Bellaria – Igea Marina, 5 maggio 2018

 

L’undicesima volta profumava d’estate nonostante fossero ancora i primi di maggio.

Avevo le gambe nude, un treno verso il mare, e il cuore che correva veloce, ben più veloce del treno, un regionale che si fermava in mille paesi e città.

Che poi, che il treno andasse lento, non mi dispiaceva affatto. Mi godevo il viaggio, consapevole che ogni fermata mi portava sempre più vicina a te.

Ogni stazione era un nome a te familiare, ogni nome era un’emozione.

Quella sera tu eri davvero splendido.

Eri tornato da pochi giorni dalla vacanza in Grecia ed eri abbronzato, rilassato, sorridente.

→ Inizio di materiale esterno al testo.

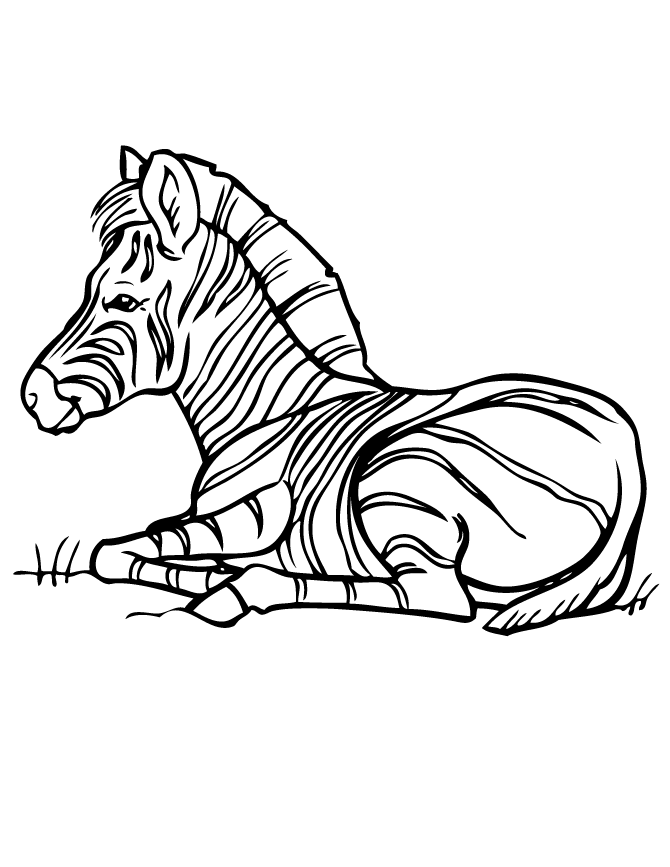 Zebra Coloring Page | Free Printable Coloring Pages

Eri anche nella tua Romagna, per ricevere l’ennesimo premio per il tuo Leo, ed eri in compagnia della tua famiglia, tutte cose che contribuivano sicuramente a rendere il tuo sorriso ancora più vero, ancora più luminoso.

E poi c’eravamo noi, venuti lì per te, e tu sembravi proprio tanto felice di vederci.

“Sempre in prima linea!” ci avevi detto tra baci e abbracci, durante l’intervallo, in barba alla tizia della sicurezza che non voleva farci avvicinare.

E a fine serata, poi, eri stato proprio tu a raggiungerci e ad intrattenerti con noi, malgrado le proteste del tuo fratellino che stava crollando dal sonno, e da cui ti sei poi fatto perdonare portandolo in braccio fino all’auto.

Che dolce che eri stato.

Era stato bellissimo vedere dal vivo questo lato di te.

Era stato bellissimo tutto, a dire il vero.